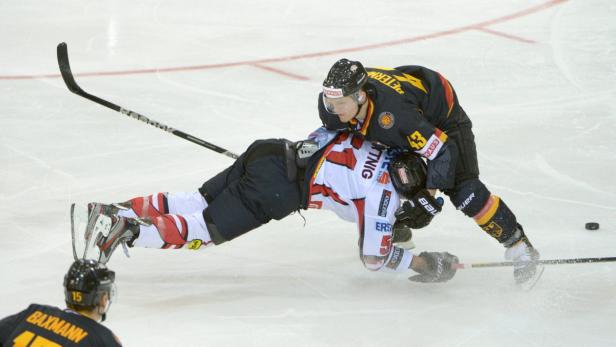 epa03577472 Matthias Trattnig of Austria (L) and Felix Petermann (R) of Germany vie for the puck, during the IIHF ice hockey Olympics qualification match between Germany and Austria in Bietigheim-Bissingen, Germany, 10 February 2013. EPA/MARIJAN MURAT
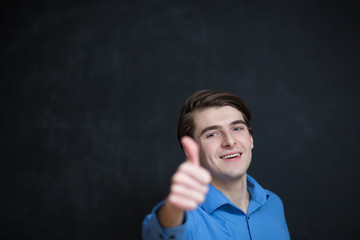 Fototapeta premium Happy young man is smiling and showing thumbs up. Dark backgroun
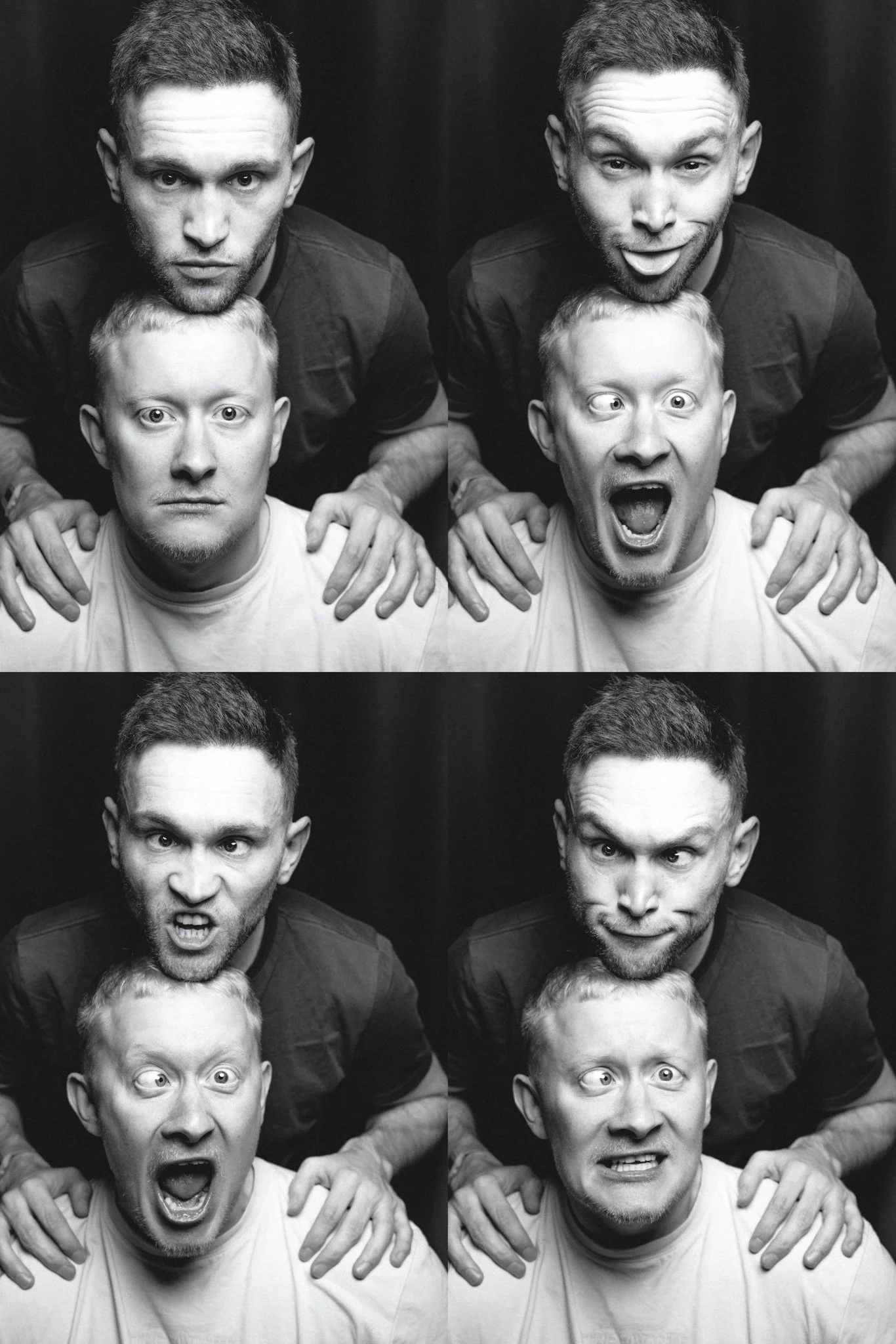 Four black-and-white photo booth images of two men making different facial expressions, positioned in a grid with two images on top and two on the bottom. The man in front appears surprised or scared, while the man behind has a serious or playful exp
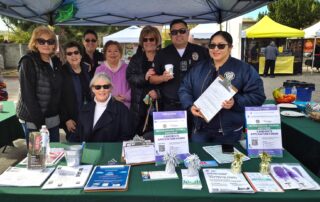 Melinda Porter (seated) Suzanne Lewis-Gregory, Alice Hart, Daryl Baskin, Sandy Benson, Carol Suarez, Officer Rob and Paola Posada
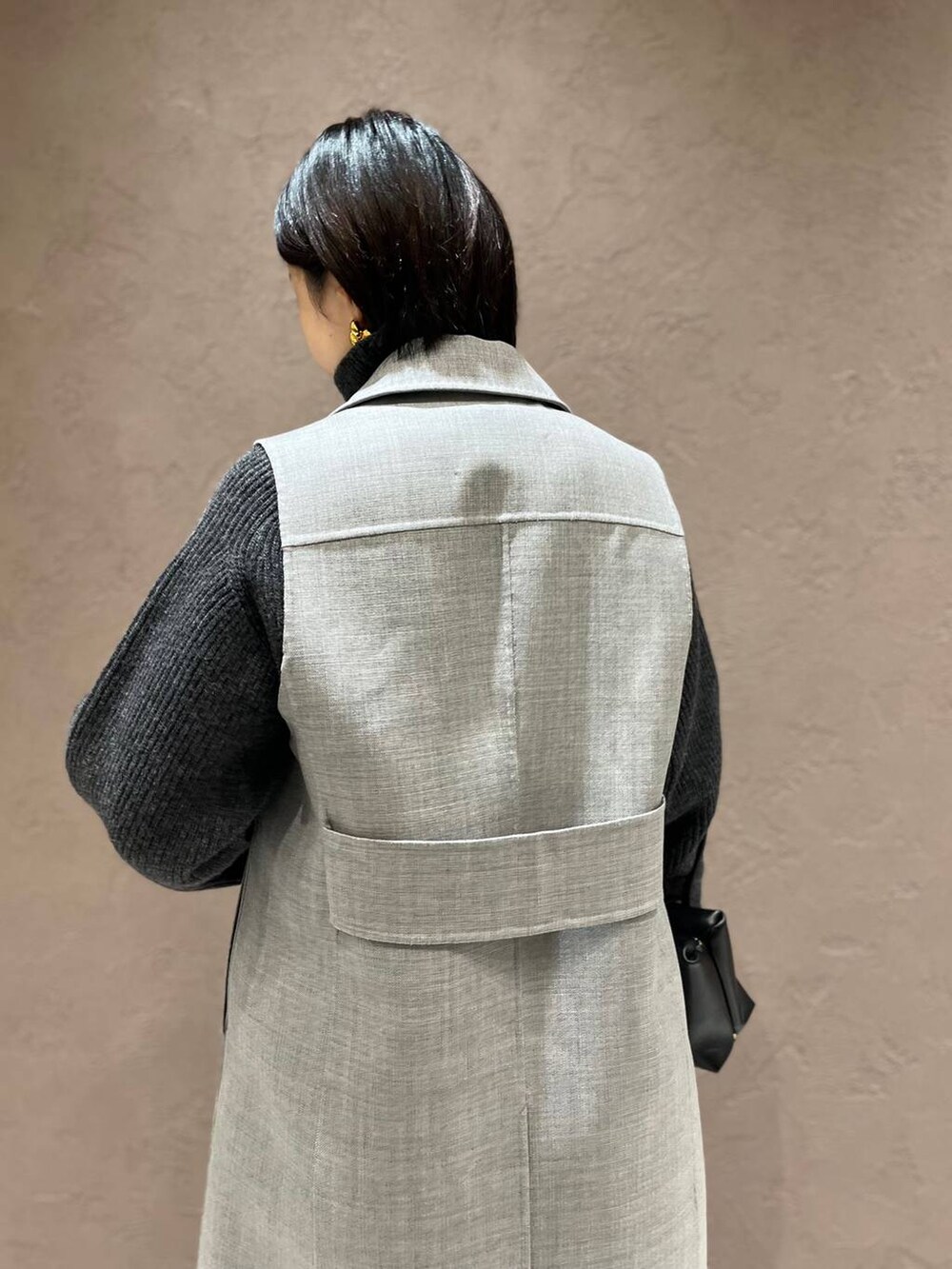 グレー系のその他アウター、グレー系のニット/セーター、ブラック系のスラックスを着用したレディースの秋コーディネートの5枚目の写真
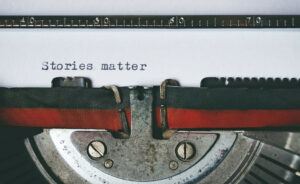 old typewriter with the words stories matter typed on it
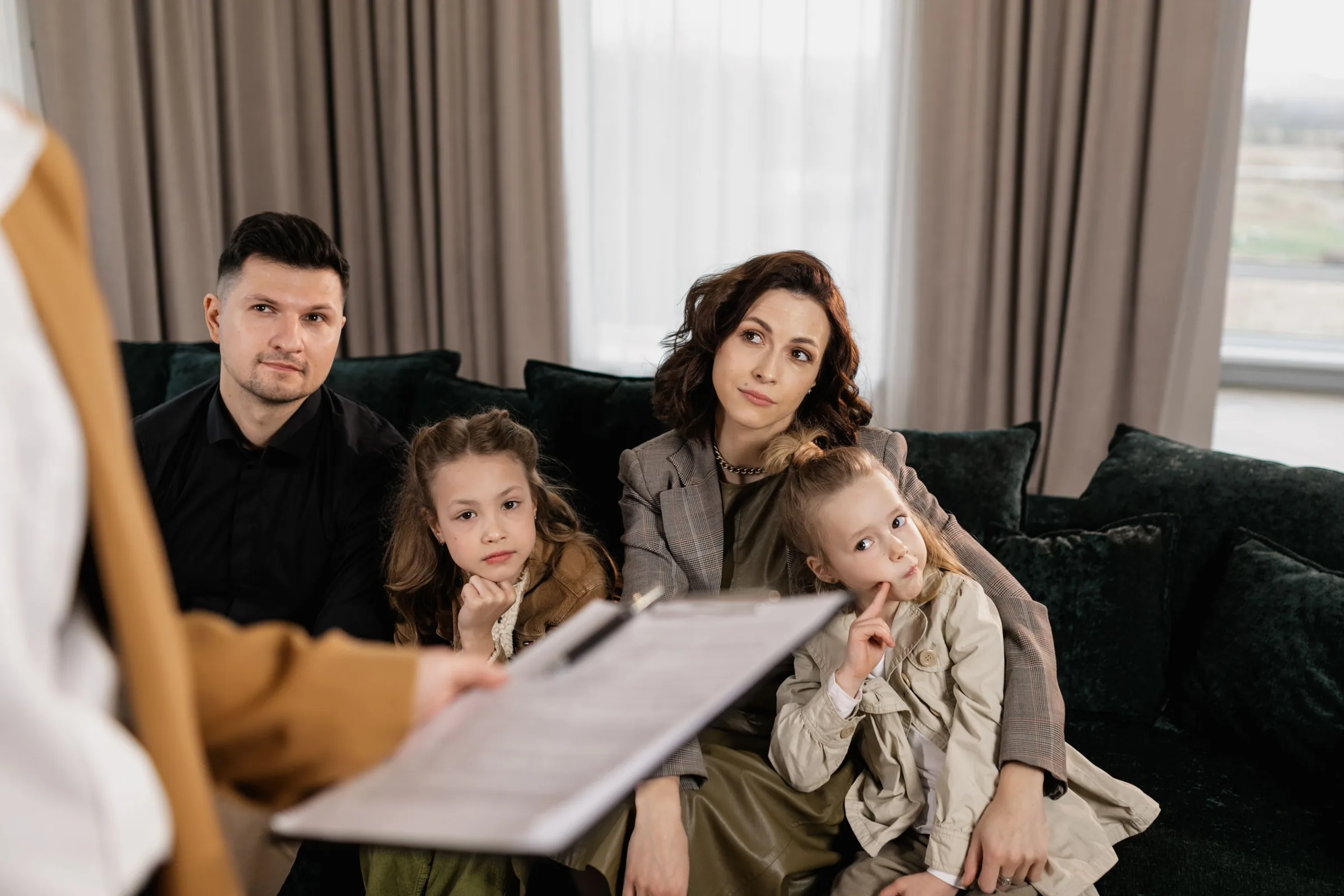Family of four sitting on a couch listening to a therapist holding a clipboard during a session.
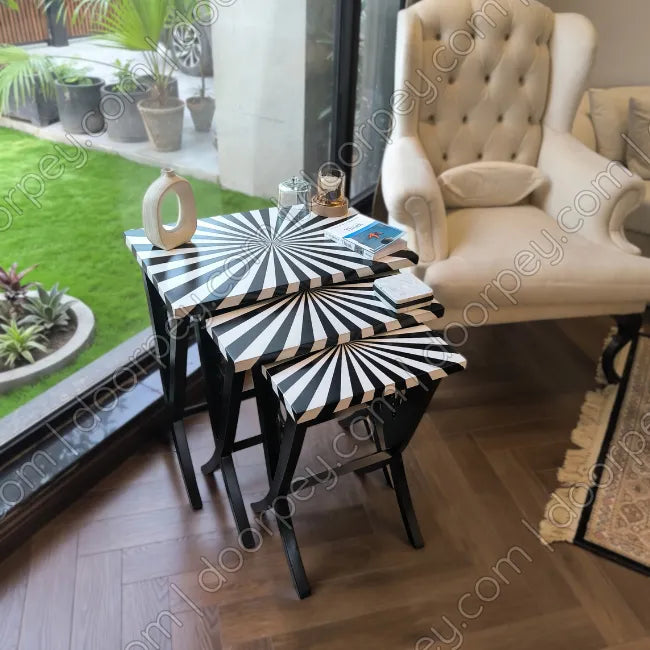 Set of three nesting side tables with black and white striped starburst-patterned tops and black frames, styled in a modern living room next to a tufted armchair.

───

#### Brief
Please write every line above out exactly as given, except for any pictures.

#### Written answer
 epa03577472 Matthias Trattnig of Austria (L) and Felix Petermann (R) of Germany vie for the puck, during the IIHF ice hockey Olympics qualification match between Germany and Austria in Bietigheim-Bissingen, Germany, 10 February 2013. EPA/MARIJAN MURAT
 Fototapeta premium Happy young man is smiling and showing thumbs up. Dark backgroun
 Four black-and-white photo booth images of two men making different facial expressions, positioned in a grid with two images on top and two on the bottom. The man in front appears surprised or scared, while the man behind has a serious or playful exp
 Melinda Porter (seated) Suzanne Lewis-Gregory, Alice Hart, Daryl Baskin, Sandy Benson, Carol Suarez, Officer Rob and Paola Posada
 グレー系のその他アウター、グレー系のニット/セーター、ブラック系のスラックスを着用したレディースの秋コーディネートの5枚目の写真
 old typewriter with the words stories matter typed on it
Family of four sitting on a couch listening to a therapist holding a clipboard during a session.
 Set of three nesting side tables with black and white striped starburst-patterned tops and black frames, styled in a modern living room next to a tufted armchair.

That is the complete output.